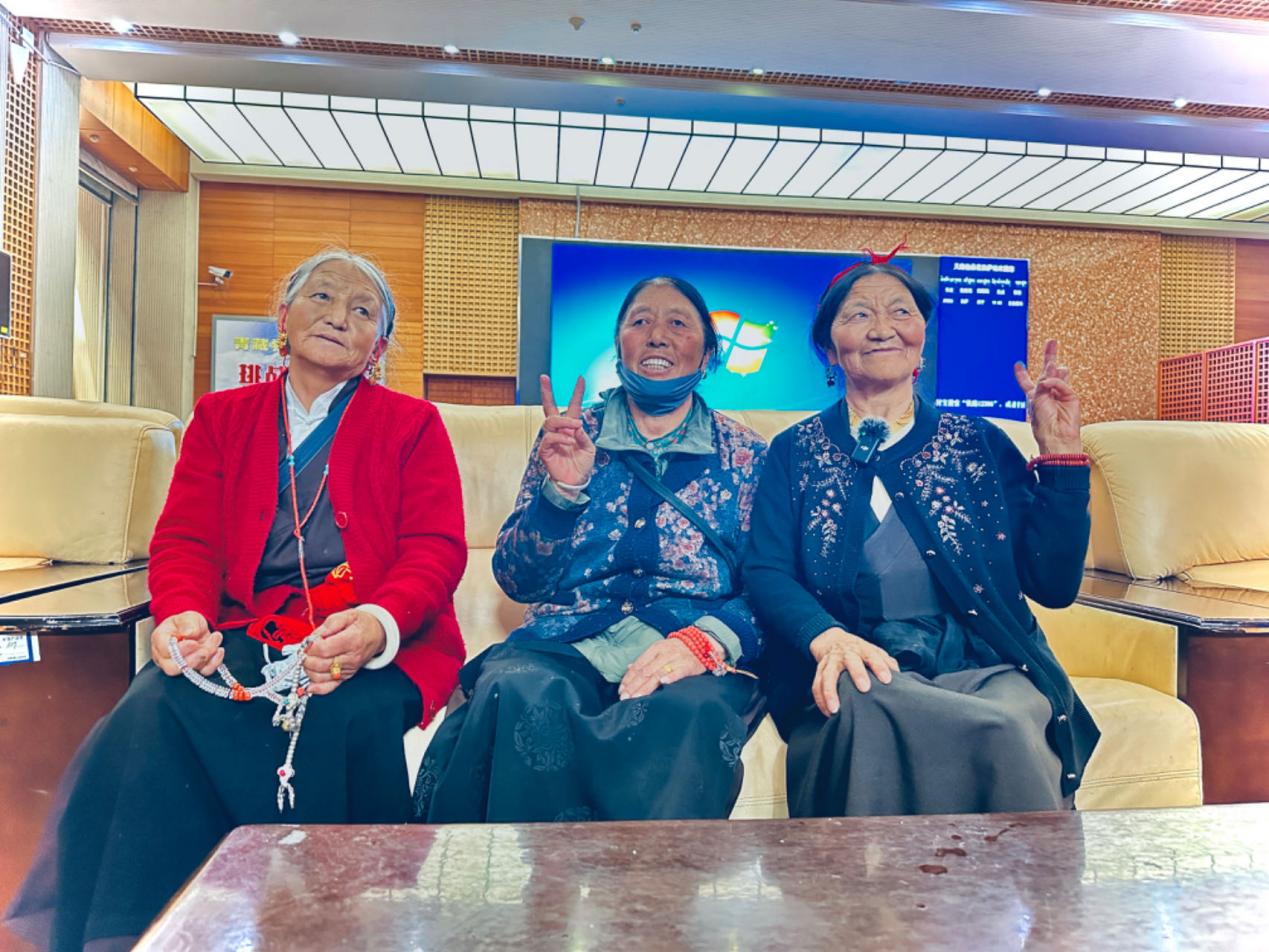 來自四川甘孜的三位阿媽在拉薩火車站等候前往青海西寧的列車。人民網(wǎng)記者 益西康珠攝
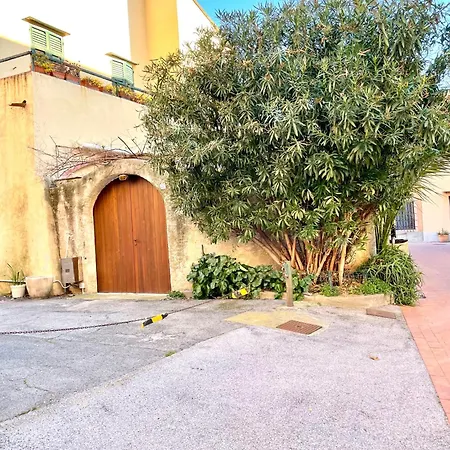 La Petite Maison A 20 Mt Dal Mare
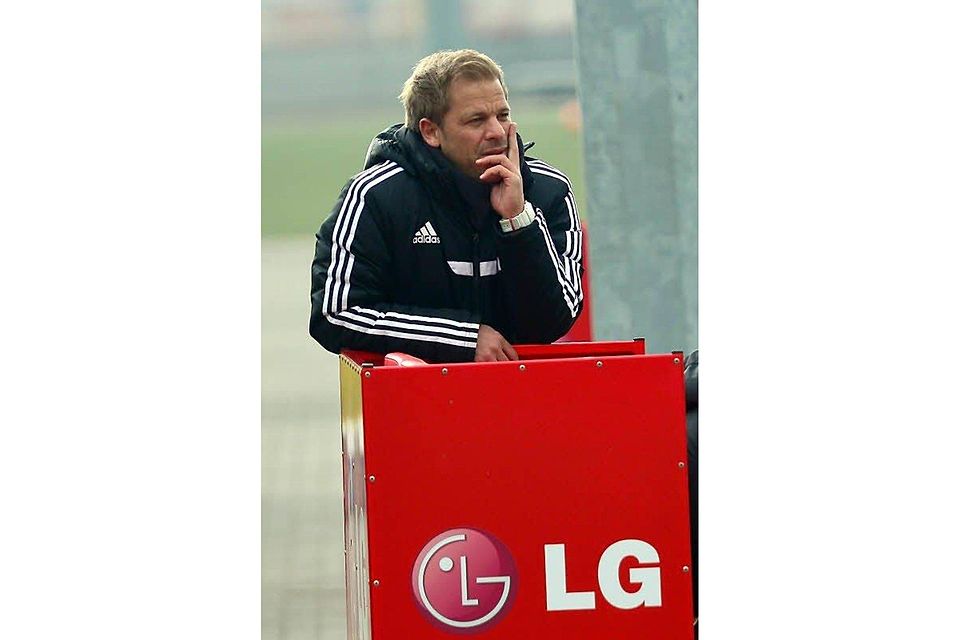 Der Leverkusener Trainer Markus Anfang blickt zufrieden auf die gerade abgelaufene Spielzeit in der B-Junioren-Bundesliga zurück., Foto: Uli Herhaus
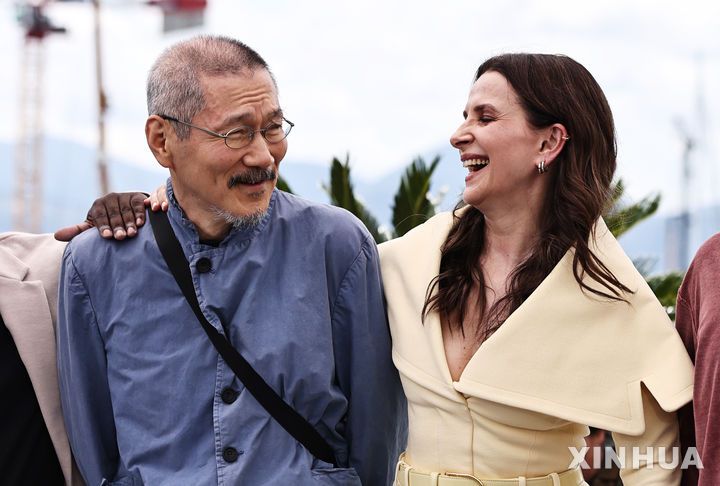 [칸=신화/뉴시스] 홍상수(왼쪽) 감독이 심사위원장인 쥘리에트 비노슈와 함께 13일(현지 시간) 프랑스 남부 칸에서 열린 제78회 칸 국제영화제 포토콜 행사에 참석하고 있다. 홍 감독은 심사위원으로 이 자리에 함께했다. 2025.05.14.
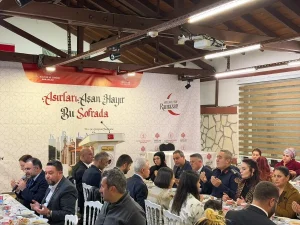 Vali Turan, Roman Vatandaşlarla İftar Yemeğinde Bir Araya Geldi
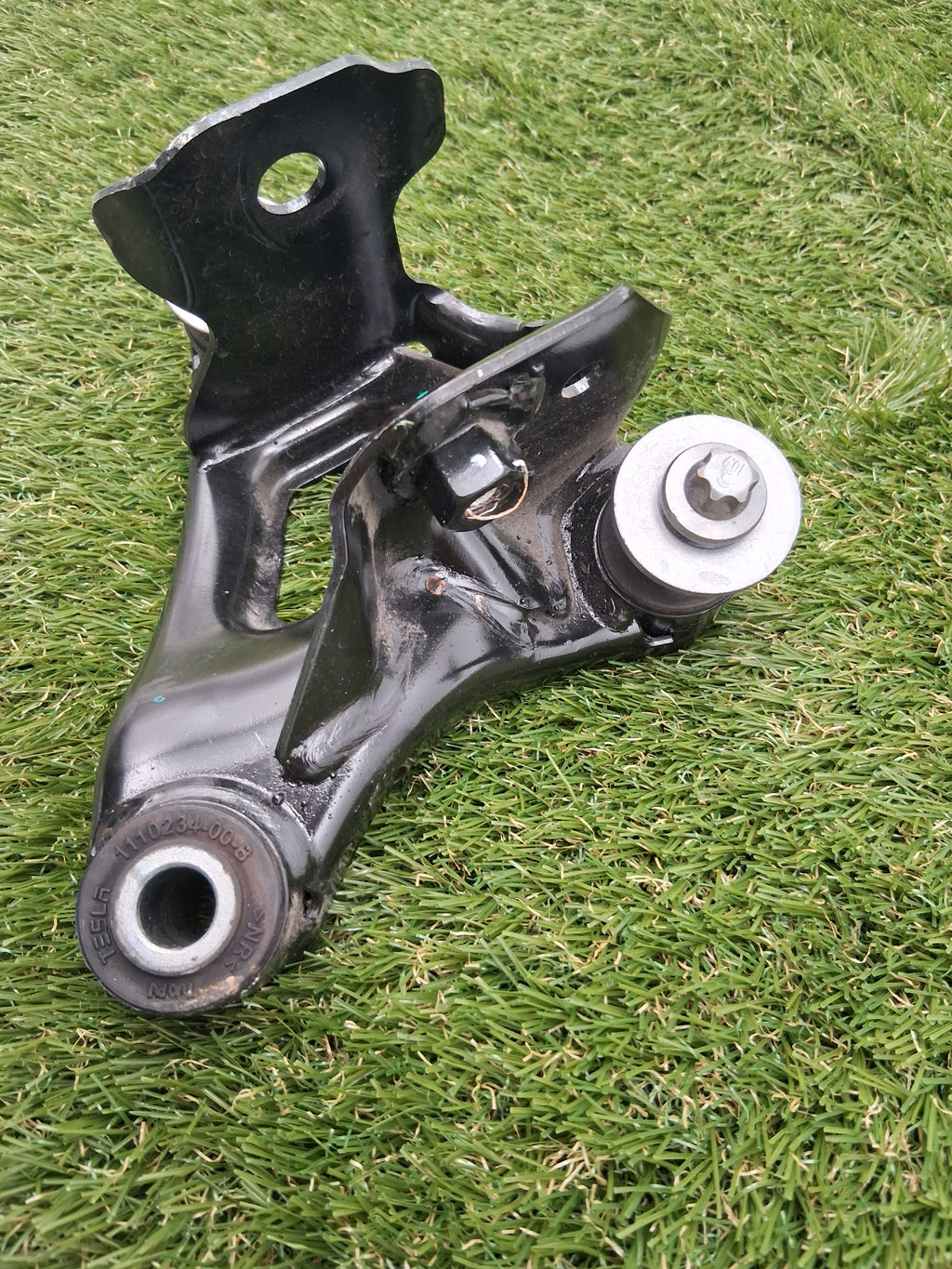 OEM 1110232-00-C 2022 Tesla Model Y Engine Mount Bracket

_ASSIGNMENT_. The pictures stay out; repeat exactly the lines from the one with "La Petite Maison A 20 Mt Dal Mare" to the end of the entries above, and nothing else.

_COMPLETED TASK_.
 La Petite Maison A 20 Mt Dal Mare
 Der Leverkusener Trainer Markus Anfang blickt zufrieden auf die gerade abgelaufene Spielzeit in der B-Junioren-Bundesliga zurück., Foto: Uli Herhaus
 [칸=신화/뉴시스] 홍상수(왼쪽) 감독이 심사위원장인 쥘리에트 비노슈와 함께 13일(현지 시간) 프랑스 남부 칸에서 열린 제78회 칸 국제영화제 포토콜 행사에 참석하고 있다. 홍 감독은 심사위원으로 이 자리에 함께했다. 2025.05.14.
 Vali Turan, Roman Vatandaşlarla İftar Yemeğinde Bir Araya Geldi
 OEM 1110232-00-C 2022 Tesla Model Y Engine Mount Bracket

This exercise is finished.